Dataset excerpts:
---

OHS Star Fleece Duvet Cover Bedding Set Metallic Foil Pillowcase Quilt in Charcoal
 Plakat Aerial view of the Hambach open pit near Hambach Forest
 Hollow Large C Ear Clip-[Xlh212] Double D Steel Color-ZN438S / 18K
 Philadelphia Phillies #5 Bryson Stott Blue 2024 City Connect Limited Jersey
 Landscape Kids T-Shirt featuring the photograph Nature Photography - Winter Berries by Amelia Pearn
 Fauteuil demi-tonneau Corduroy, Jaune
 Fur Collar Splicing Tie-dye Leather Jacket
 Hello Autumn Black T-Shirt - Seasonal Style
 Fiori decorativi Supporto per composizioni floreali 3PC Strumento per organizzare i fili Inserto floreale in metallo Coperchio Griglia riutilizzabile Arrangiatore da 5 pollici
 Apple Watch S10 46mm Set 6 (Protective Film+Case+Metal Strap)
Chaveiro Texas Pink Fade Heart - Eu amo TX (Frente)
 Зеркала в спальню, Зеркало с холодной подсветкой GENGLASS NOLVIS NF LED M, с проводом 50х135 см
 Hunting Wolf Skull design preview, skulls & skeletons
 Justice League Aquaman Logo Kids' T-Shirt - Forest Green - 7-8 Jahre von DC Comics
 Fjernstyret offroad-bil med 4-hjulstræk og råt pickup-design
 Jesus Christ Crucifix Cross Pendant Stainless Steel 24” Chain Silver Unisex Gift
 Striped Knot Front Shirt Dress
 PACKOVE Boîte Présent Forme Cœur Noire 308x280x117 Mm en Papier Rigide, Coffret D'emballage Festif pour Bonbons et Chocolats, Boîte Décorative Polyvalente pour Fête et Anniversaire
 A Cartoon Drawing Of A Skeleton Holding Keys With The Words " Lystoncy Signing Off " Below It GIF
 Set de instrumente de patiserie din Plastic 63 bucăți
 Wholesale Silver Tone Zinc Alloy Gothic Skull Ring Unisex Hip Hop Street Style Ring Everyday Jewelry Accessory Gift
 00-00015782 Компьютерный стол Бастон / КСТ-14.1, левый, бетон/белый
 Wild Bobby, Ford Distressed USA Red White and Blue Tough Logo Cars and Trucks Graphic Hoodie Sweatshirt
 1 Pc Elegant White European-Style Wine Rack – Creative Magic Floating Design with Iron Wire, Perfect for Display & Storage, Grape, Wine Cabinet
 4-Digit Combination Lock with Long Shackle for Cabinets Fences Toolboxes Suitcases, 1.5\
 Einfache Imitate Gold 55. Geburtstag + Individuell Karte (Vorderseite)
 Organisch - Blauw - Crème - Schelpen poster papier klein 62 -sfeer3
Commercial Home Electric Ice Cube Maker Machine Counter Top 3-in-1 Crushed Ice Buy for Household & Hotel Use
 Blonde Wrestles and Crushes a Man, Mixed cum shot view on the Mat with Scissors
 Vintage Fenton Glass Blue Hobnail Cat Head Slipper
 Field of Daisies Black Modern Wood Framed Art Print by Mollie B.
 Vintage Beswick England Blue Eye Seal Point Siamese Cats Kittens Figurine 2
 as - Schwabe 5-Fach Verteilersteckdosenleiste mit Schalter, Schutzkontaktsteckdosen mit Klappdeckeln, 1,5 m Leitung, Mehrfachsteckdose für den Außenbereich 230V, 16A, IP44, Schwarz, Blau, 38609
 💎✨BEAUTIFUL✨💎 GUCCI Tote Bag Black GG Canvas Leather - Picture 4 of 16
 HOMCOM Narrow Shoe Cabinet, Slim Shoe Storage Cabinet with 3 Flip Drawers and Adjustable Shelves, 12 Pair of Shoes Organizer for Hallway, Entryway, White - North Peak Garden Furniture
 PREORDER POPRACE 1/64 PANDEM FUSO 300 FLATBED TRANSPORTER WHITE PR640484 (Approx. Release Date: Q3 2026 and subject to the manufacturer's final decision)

---

Your instructions: Using the material above, quote the first line and each line after it, stopping at and including the line that holds "Philadelphia Phillies #5".

Answer to this exercise:
OHS Star Fleece Duvet Cover Bedding Set Metallic Foil Pillowcase Quilt in Charcoal
 Plakat Aerial view of the Hambach open pit near Hambach Forest
 Hollow Large C Ear Clip-[Xlh212] Double D Steel Color-ZN438S / 18K
 Philadelphia Phillies #5 Bryson Stott Blue 2024 City Connect Limited Jersey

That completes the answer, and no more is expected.